Scraped caption text data:
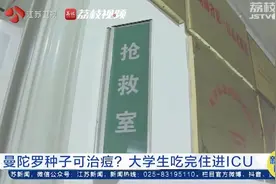 警惕！大学生吃曼陀罗种子祛痘住进ICU，医生：食用3粒就有死亡风险图片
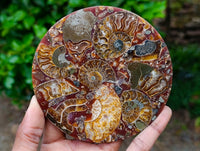 Hand Made Ammonite Conglomerate Coffee Table Coasters x 6 From Mahajanga, Madagascar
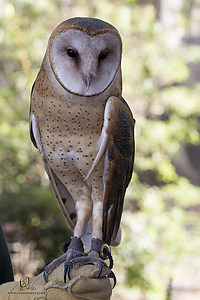 DRC_PH19_IMG_7939.jpg
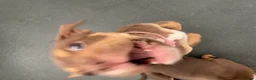 Old Tyme Bulldog dogs for sale: 8 OLD TYME BULLDOGS FOR SALE in London - Advert 2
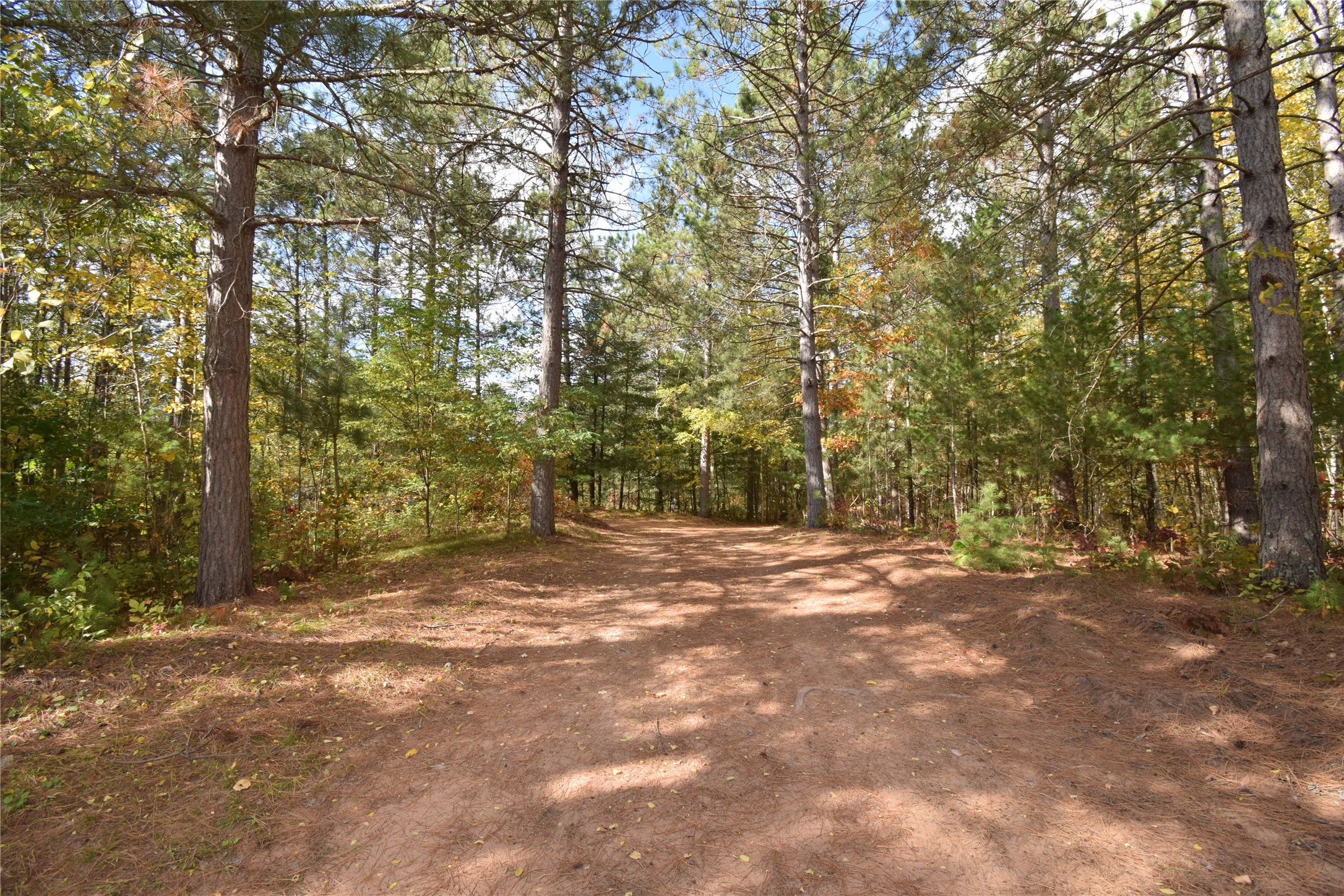 31792 Airfield Road Property Photo 55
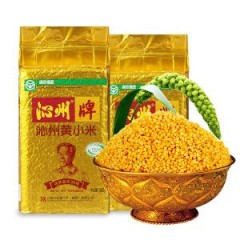 沁州黄小米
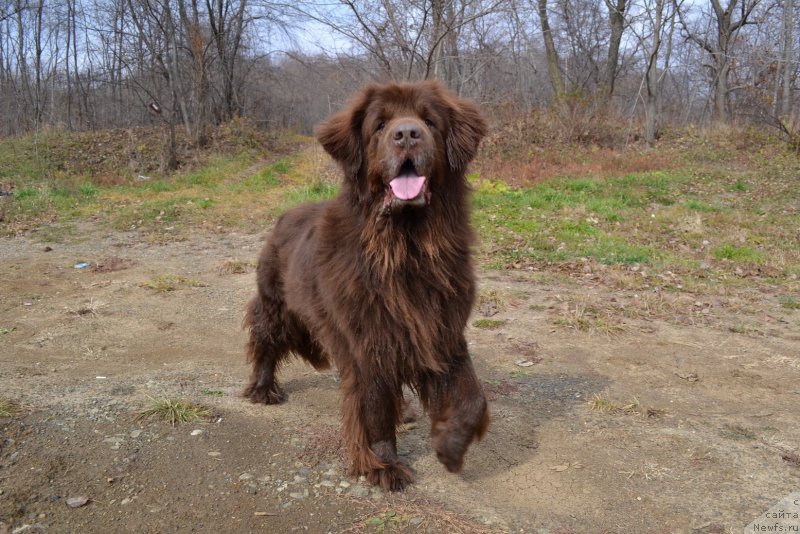 Фото: ньюфаундленд Аркадия Виват Арбона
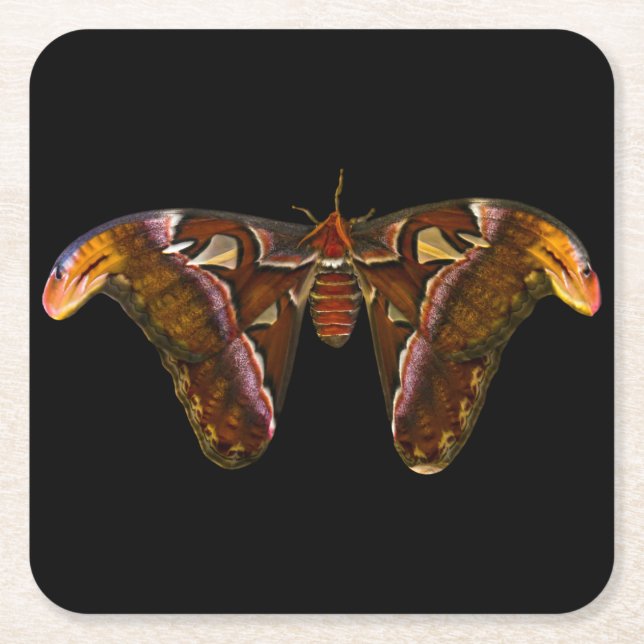 Atlas Moth - Snake Head Square Paper Coaster (Front)
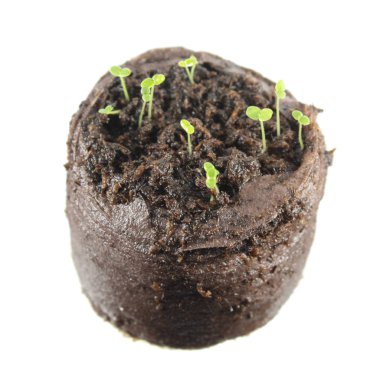 Beyaz arka plan üzerinde izole iki yeşil cotyledon yaprakları ile üç günlük aslanağzı fide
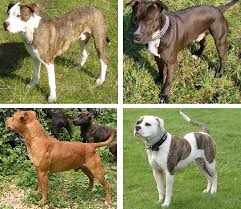 The staffordshire bull terrier is slightly longer than they are tall, and relatively wide, giving them a low center of gravity and firm stance. Pit Bull Wikipedia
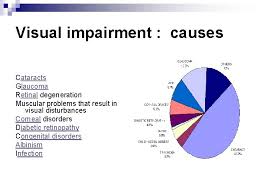 Visual Impairment and Blindness Nakhleh E AbuYaghi M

#### AIM OF THE TASK
Reproduce every line of the data above, exactly as it stands, but not the pictures.

#### FINISHED TASK
 警惕！大学生吃曼陀罗种子祛痘住进ICU，医生：食用3粒就有死亡风险图片
 Hand Made Ammonite Conglomerate Coffee Table Coasters x 6 From Mahajanga, Madagascar
 DRC_PH19_IMG_7939.jpg
 Old Tyme Bulldog dogs for sale: 8 OLD TYME BULLDOGS FOR SALE in London - Advert 2
 31792 Airfield Road Property Photo 55
 沁州黄小米
 Фото: ньюфаундленд Аркадия Виват Арбона
 Atlas Moth - Snake Head Square Paper Coaster (Front)
 Beyaz arka plan üzerinde izole iki yeşil cotyledon yaprakları ile üç günlük aslanağzı fide
 The staffordshire bull terrier is slightly longer than they are tall, and relatively wide, giving them a low center of gravity and firm stance. Pit Bull Wikipedia
 Visual Impairment and Blindness Nakhleh E AbuYaghi M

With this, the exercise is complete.